§ GIVEN INFORMATION
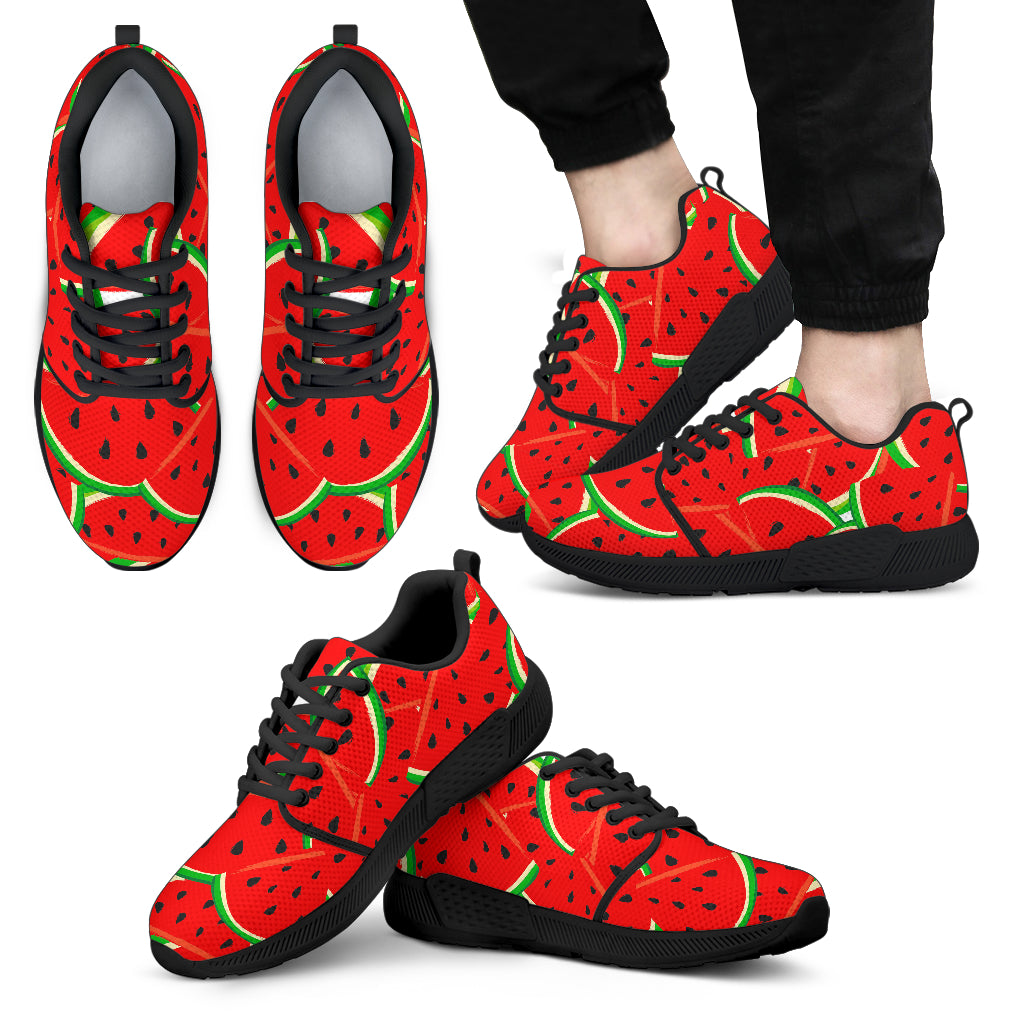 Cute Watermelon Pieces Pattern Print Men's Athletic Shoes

---

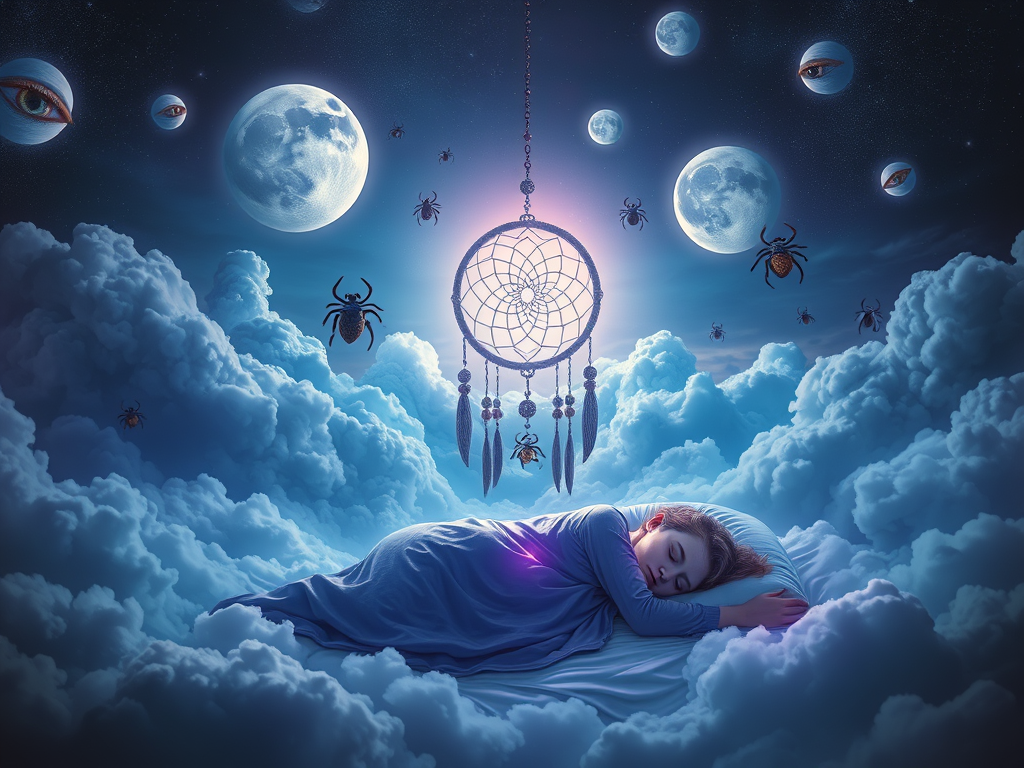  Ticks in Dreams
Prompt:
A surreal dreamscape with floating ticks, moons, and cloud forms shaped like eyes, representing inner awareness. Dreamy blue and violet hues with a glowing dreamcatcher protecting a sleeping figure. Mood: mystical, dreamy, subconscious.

§ REQUIREMENT
In the material above, one part opens with the line containing "Ticks in Dreams" and closes with the line containing "A surreal dreamscape". Write out that part exactly and skip its pictures.

§ ANSWER TO THE EXERCISE
  Ticks in Dreams
Prompt:
A surreal dreamscape with floating ticks, moons, and cloud forms shaped like eyes, representing inner awareness. Dreamy blue and violet hues with a glowing dreamcatcher protecting a sleeping figure. Mood: mystical, dreamy, subconscious.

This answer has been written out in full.